Tour de CLARIN: Setswana Test Suite and Treebank

Submitted by Karina Berger on 12 October 2021


Written by Liané van den Bergh and Ansu Berg

The Setswana Test Suite and Treebank resource was developed as part of the PhD study of Ansu Berg, who performed a rule-based computational syntactic analysis of Setswana with a specific focus on simple sentences in the Setswana language. In order to develop a parser for Setswana, Ansu employed Lexical Functional Grammar (LFG) to frame the description of Setswana grammar. LFG is a non-derivational, constraint-based theory of grammar that distinguishes between two levels of syntactic analysis of a natural language utterance; namely, a constituent and a functional structure. Figure 1 shows the LFG constituent structure for the Setswana simple sentence mosadi ga a ketla a reka ditlhako ('The woman will not buy shoes'), while Figure 2 shows its functional structure. The Setswana grammar was implemented in the XLE parser software, which is an environment for parsing and generating grammars corresponding to the LFG formalism with a rich graphical user interface for writing and debugging such grammars. Setswana is the first Bantu language to be parsed in the XLE parser.

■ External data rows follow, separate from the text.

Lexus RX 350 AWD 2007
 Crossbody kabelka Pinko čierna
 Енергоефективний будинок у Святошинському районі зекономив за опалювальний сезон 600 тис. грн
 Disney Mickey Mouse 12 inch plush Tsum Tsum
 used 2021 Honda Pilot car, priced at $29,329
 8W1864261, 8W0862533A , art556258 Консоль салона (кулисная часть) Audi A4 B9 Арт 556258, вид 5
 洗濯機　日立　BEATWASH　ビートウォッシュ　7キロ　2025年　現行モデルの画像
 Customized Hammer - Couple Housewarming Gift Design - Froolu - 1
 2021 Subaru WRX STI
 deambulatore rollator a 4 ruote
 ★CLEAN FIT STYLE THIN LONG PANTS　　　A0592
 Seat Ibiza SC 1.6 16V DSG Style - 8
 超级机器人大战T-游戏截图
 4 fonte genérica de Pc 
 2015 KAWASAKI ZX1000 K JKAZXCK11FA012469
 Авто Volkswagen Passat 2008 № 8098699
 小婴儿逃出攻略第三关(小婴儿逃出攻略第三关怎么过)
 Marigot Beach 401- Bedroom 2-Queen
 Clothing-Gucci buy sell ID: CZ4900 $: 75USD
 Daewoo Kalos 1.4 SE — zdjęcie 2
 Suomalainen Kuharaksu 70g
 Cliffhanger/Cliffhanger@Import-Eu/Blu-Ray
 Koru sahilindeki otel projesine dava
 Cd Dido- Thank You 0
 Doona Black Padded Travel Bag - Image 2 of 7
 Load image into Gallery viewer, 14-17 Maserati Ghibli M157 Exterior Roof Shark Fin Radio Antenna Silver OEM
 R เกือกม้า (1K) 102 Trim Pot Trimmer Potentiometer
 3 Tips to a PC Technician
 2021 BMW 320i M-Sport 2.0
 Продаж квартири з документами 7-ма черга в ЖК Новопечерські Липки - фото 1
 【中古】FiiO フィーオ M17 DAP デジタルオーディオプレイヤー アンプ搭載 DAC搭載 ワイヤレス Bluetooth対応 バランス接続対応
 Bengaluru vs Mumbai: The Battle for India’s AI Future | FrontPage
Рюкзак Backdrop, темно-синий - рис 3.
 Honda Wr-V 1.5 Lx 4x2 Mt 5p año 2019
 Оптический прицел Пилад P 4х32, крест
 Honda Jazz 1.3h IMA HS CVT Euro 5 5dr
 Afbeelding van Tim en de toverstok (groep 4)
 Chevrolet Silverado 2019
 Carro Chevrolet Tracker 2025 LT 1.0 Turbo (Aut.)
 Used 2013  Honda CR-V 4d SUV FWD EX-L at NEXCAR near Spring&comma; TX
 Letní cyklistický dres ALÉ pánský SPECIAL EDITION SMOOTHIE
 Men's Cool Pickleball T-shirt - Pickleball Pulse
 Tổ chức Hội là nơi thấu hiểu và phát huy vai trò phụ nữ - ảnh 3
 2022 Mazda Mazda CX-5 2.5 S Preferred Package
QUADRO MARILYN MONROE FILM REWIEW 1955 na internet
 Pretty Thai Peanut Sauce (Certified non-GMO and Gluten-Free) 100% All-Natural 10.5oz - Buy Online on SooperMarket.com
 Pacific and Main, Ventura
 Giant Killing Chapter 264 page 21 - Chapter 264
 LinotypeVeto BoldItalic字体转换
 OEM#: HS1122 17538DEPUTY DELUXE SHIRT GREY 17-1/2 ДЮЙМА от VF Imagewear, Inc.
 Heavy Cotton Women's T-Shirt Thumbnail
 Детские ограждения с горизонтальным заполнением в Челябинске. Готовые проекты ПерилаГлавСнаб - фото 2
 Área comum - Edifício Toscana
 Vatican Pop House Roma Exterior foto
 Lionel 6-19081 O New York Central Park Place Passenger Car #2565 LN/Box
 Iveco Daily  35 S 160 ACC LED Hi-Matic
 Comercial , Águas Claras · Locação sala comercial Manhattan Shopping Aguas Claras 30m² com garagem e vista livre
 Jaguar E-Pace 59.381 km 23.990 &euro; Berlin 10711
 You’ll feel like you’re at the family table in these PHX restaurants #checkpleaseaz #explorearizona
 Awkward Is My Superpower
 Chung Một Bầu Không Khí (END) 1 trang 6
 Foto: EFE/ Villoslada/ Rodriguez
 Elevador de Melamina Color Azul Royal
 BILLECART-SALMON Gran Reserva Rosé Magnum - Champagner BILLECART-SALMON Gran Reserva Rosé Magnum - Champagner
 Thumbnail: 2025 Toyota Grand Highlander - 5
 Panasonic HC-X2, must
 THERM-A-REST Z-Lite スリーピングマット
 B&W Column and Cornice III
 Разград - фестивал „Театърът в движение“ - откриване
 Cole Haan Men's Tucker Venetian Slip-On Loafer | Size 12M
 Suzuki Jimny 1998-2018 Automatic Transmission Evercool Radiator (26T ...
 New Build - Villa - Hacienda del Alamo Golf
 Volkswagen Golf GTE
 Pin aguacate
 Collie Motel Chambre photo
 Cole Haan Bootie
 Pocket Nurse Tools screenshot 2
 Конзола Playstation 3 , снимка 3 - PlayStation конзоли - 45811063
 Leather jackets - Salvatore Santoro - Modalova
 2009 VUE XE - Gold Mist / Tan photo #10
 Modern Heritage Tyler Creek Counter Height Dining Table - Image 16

Figure 1: The constituent structure of the simple Setswana sentence mosadi ga a ketla a reka ditlhako, where the NP mosadi ('the woman') is the syntactic sister of the entire VP node and therefore the grammatical subject, while ditlhako ('shoes'), which is embedded deeper in the structure as the complement of the lexical verb, is the grammatical object.

A corpus of simple Setswana sentences was not available, so Ansu developed the first test suite for Setswana. The test suite contains a set of constructed linguistic examples, both grammatical and ungrammatical variants, corresponding to the main grammatical categories of Setswana. Ansu used the test suite to develop the first computational grammar for Setswana, and on the basis of this used the functionality provided by the XLE user interface to create the treebank. The resulting treebank is annotated for deep syntactic information corresponding to dependency relations between sentential constituents. For instance, in Figure 1, the simple NP ditlhako “shoes” is embedded within the verbal phrase and is the object complement of the main verb a reka 'buy'.

Figure 2: The corresponding functional structure, indicating for instance that the auxiliary system (the syntactic head of the VPAUX node) in Figure 1 expresses a negated future tense in the indicative mood.

As one of the first syntactically parsed resources for Bantu languages, the Setswana treebank is important for both the computational and non-computational linguistic research community in South Africa. As a resource for computational purposes, the treebank serves as a gold standard for future Setswana grammar testing and evaluation. This contribution to Setswana can also enable similar projects for South African languages that share their syntactic structures with Setswana. For general linguistic research, it is a crucial resource not only for local South African linguists, who can use the syntactically parsed sentences in the treebank for lexicological and general grammatical purposes, but also for syntacticians who can avail themselves of the LFG dependencies in the treebank to research Setswana in the context of Universal Grammar. As an example of the successful use of the treebank in the research domain, Ansu and her colleagues have used the treebank to perform an LFG-style analysis of those auxiliary verbs in Setswana that indicate tense (Pretorius and Berg 2019). Furthermore, they have used the argument structure level of the LFG formalism to determine subcategorisation frames (such as the omission of the logical subject during passivisation) in the lexical verbal system of Setswana (Berg et al. 2020).



Pretorius, R., and Berg, A. 2019. An LFG Analysis of Setswana Auxiliary Verb Phrases Indicating Tense. In Proceedings of the LFG’19 Conference, 233–250.

Berg, A., Pretorius, L., and Pretorius R. 2020. Using LFG a-structure to determine the subcategorization frames of Setswana verbs. Nordic Journal of African Studies 29 (2): 1–31.